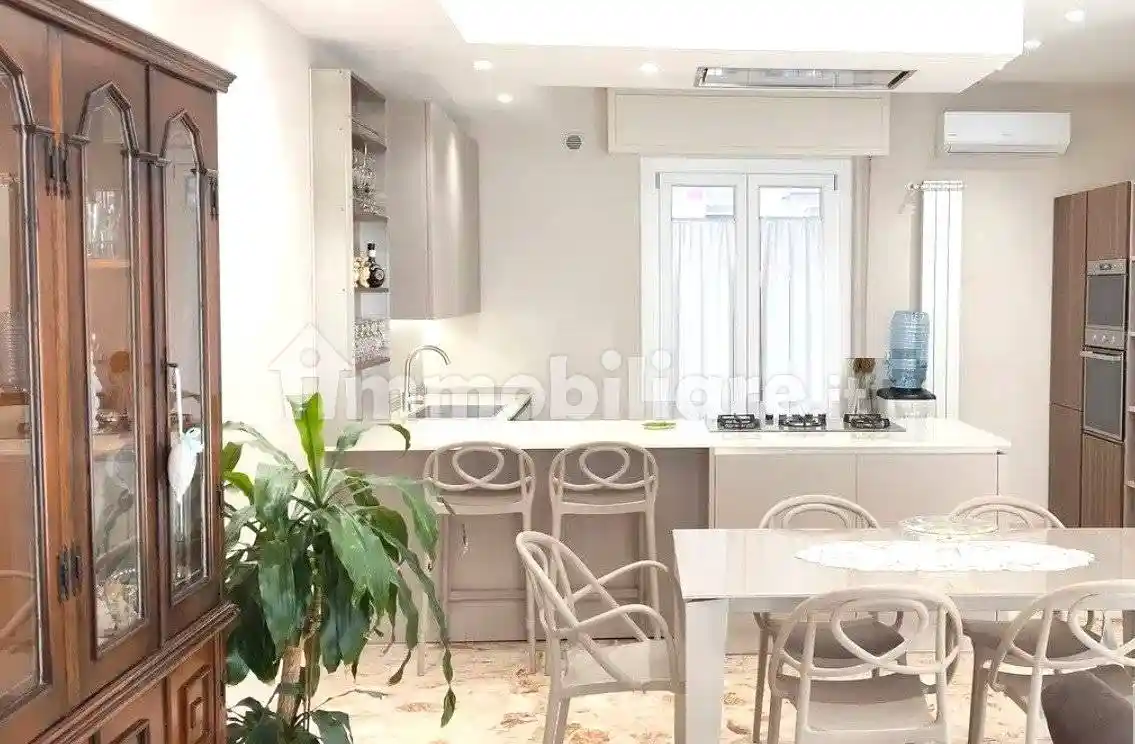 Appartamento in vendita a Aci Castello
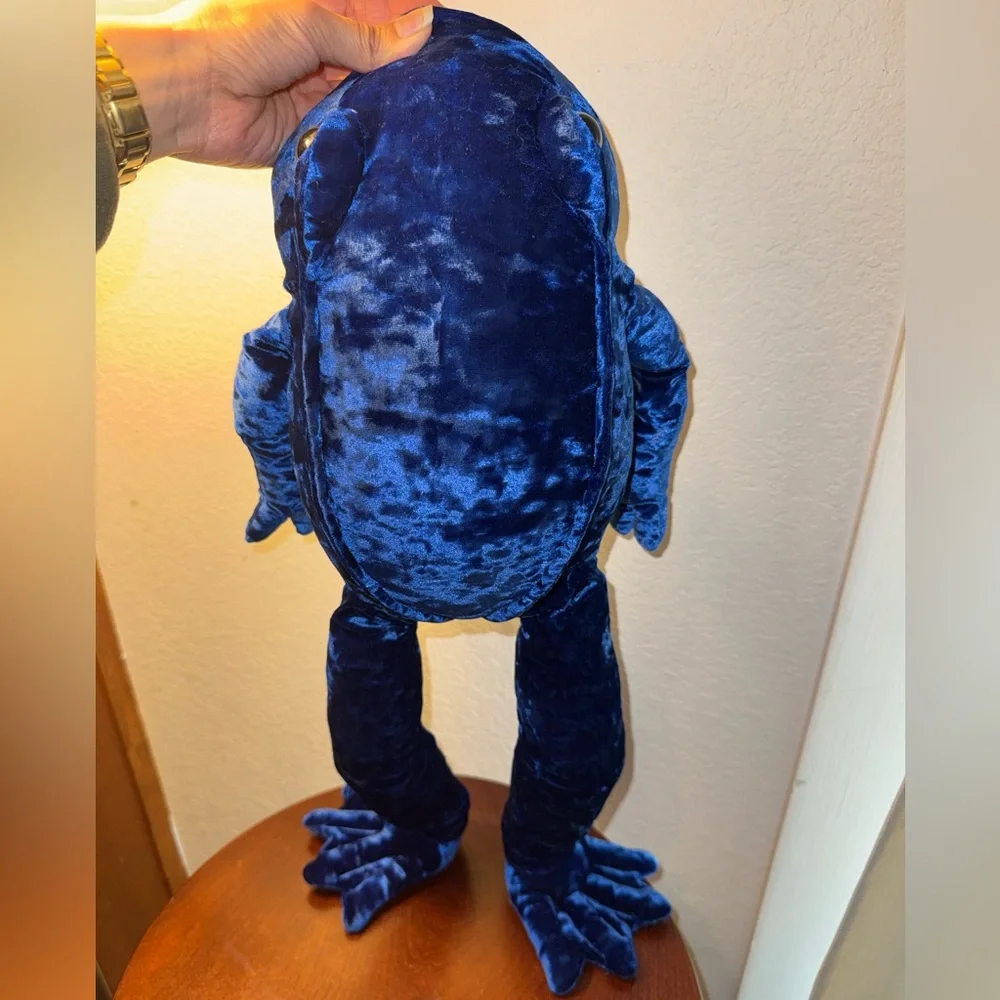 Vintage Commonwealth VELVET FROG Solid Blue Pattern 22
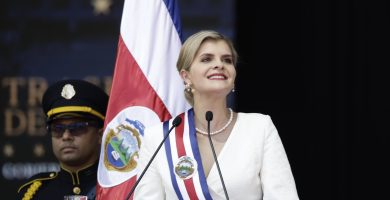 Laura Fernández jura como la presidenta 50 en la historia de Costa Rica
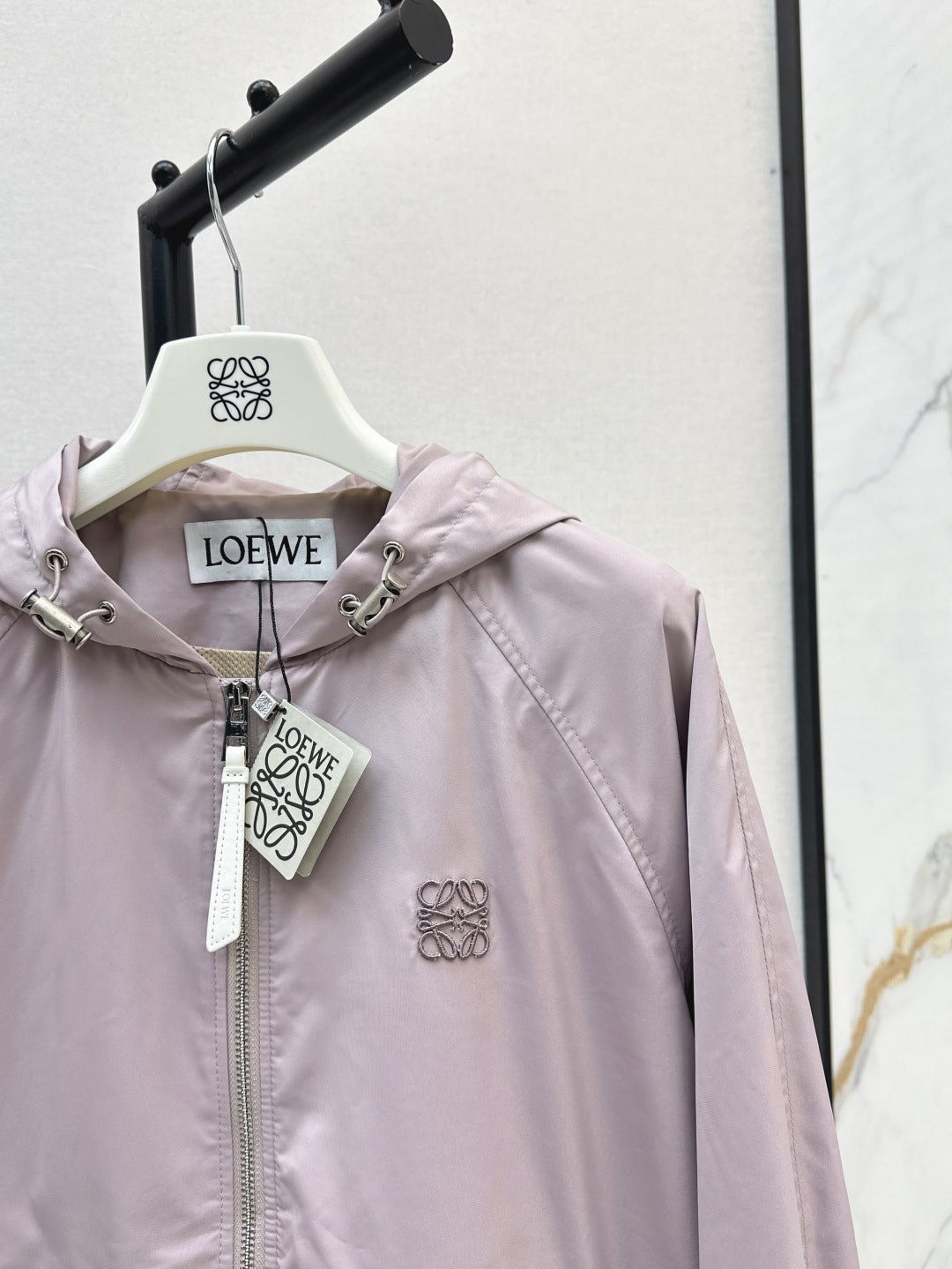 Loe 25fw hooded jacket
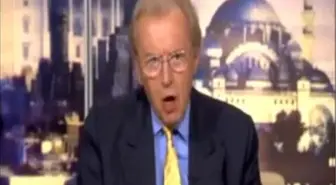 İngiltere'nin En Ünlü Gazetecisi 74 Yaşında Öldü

——————

Instructions for the task: In your copy of the entries above, keep the text exact and leave out the pictures.

Exercise answer:
 Appartamento in vendita a Aci Castello
 Vintage Commonwealth VELVET FROG Solid Blue Pattern 22
 Laura Fernández jura como la presidenta 50 en la historia de Costa Rica
 Loe 25fw hooded jacket
 İngiltere'nin En Ünlü Gazetecisi 74 Yaşında Öldü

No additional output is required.